**PROBLEM DETAILS**
The entire listing that follows must be repeated exactly, pictures excluded.

**DATA SEGMENT**
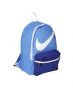 NIKE Halfday Backpack Blue - BA4665-435 - 4t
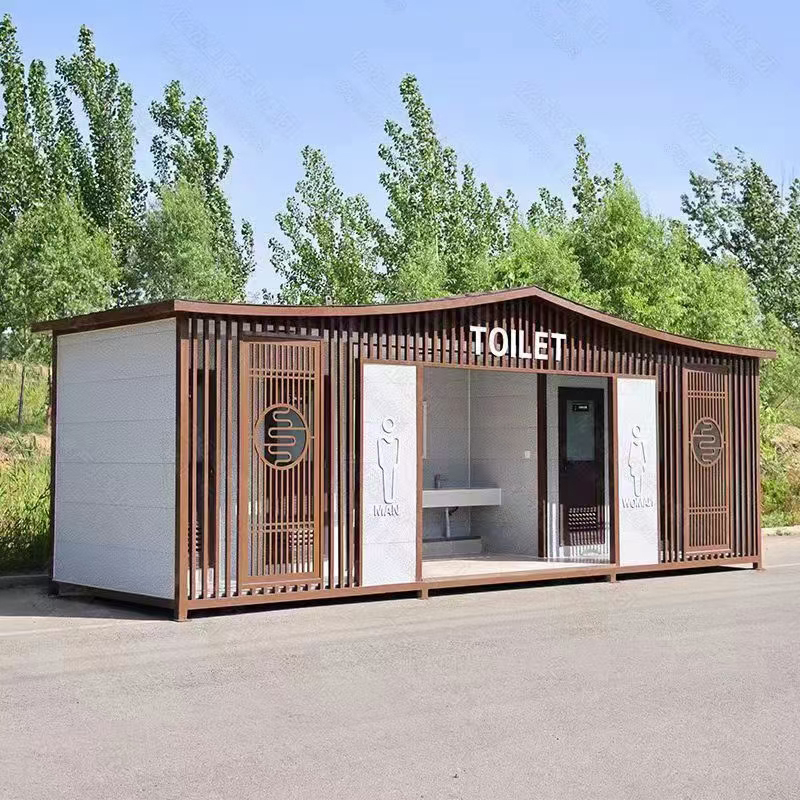 天津市整體移動衛(wèi)生間廠家供應(yīng)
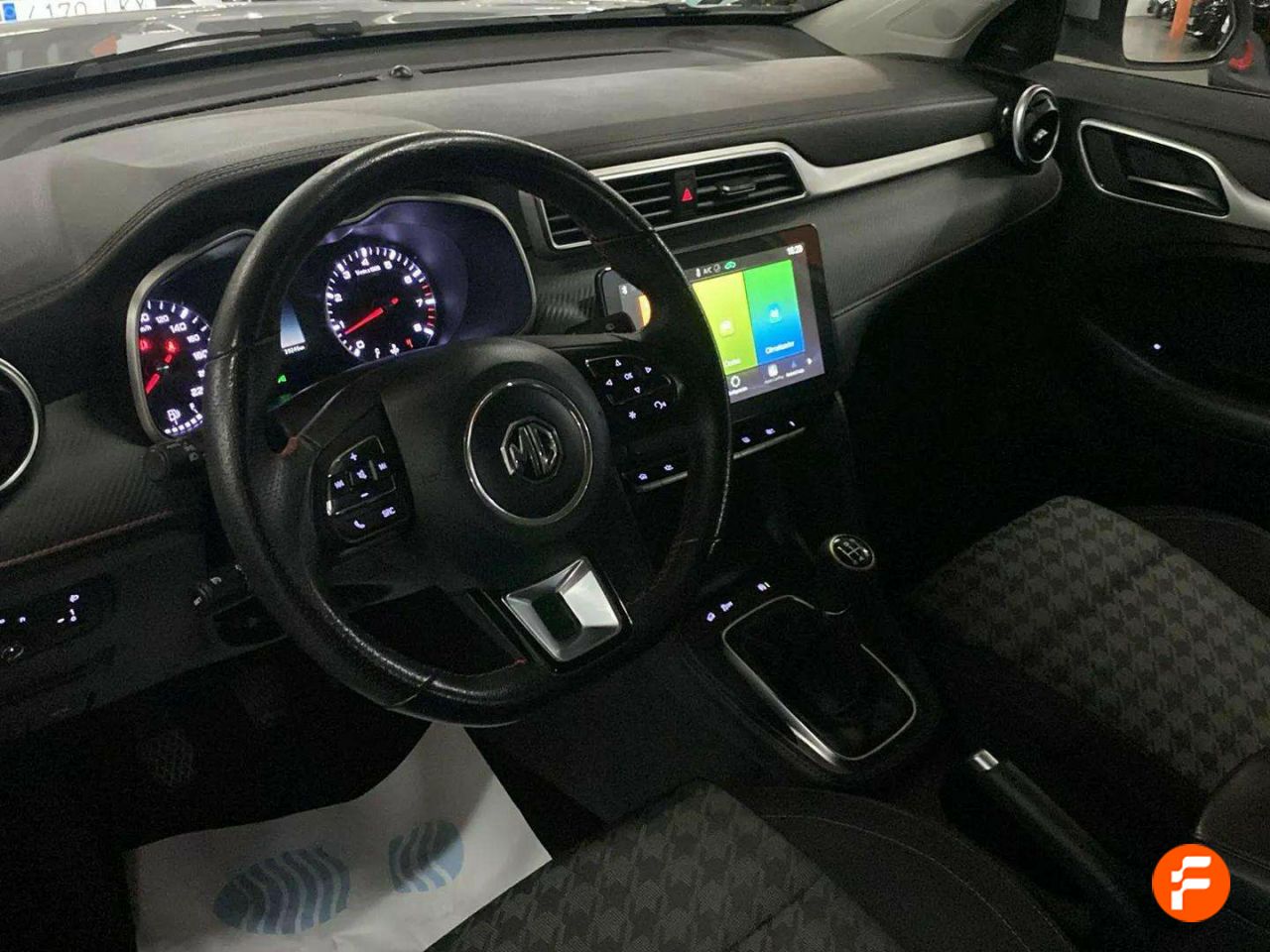 Foto MG ZS 11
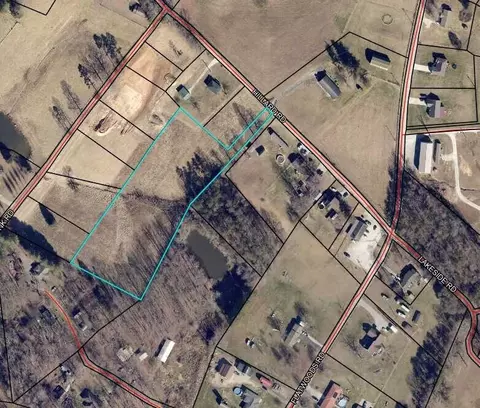 9999 Hillard Rd, Corbin, KY 40701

**RESPONSE**
 NIKE Halfday Backpack Blue - BA4665-435 - 4t
 天津市整體移動衛(wèi)生間廠家供應(yīng)
 Foto MG ZS 11
 9999 Hillard Rd, Corbin, KY 40701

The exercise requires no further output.